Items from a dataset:
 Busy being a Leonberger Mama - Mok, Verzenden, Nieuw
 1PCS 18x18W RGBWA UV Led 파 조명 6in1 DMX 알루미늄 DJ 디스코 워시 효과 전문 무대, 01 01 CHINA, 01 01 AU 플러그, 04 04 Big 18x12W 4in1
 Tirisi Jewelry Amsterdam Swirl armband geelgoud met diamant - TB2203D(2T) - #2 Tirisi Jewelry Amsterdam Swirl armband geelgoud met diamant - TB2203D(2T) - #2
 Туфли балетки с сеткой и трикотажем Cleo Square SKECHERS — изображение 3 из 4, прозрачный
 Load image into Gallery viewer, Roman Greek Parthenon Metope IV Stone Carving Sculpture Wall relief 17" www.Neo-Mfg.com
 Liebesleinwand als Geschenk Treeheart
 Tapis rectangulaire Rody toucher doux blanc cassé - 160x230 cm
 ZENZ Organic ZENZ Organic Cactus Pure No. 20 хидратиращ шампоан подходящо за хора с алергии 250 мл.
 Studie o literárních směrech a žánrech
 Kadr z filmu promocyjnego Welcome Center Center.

INSTRUCTIONS TO FOLLOW »
Word for word, reproduce every record shown above.

REPLY »
 Busy being a Leonberger Mama - Mok, Verzenden, Nieuw
 1PCS 18x18W RGBWA UV Led 파 조명 6in1 DMX 알루미늄 DJ 디스코 워시 효과 전문 무대, 01 01 CHINA, 01 01 AU 플러그, 04 04 Big 18x12W 4in1
 Tirisi Jewelry Amsterdam Swirl armband geelgoud met diamant - TB2203D(2T) - #2 Tirisi Jewelry Amsterdam Swirl armband geelgoud met diamant - TB2203D(2T) - #2
 Туфли балетки с сеткой и трикотажем Cleo Square SKECHERS — изображение 3 из 4, прозрачный
 Load image into Gallery viewer, Roman Greek Parthenon Metope IV Stone Carving Sculpture Wall relief 17" www.Neo-Mfg.com
 Liebesleinwand als Geschenk Treeheart
 Tapis rectangulaire Rody toucher doux blanc cassé - 160x230 cm
 ZENZ Organic ZENZ Organic Cactus Pure No. 20 хидратиращ шампоан подходящо за хора с алергии 250 мл.
 Studie o literárních směrech a žánrech
 Kadr z filmu promocyjnego Welcome Center Center.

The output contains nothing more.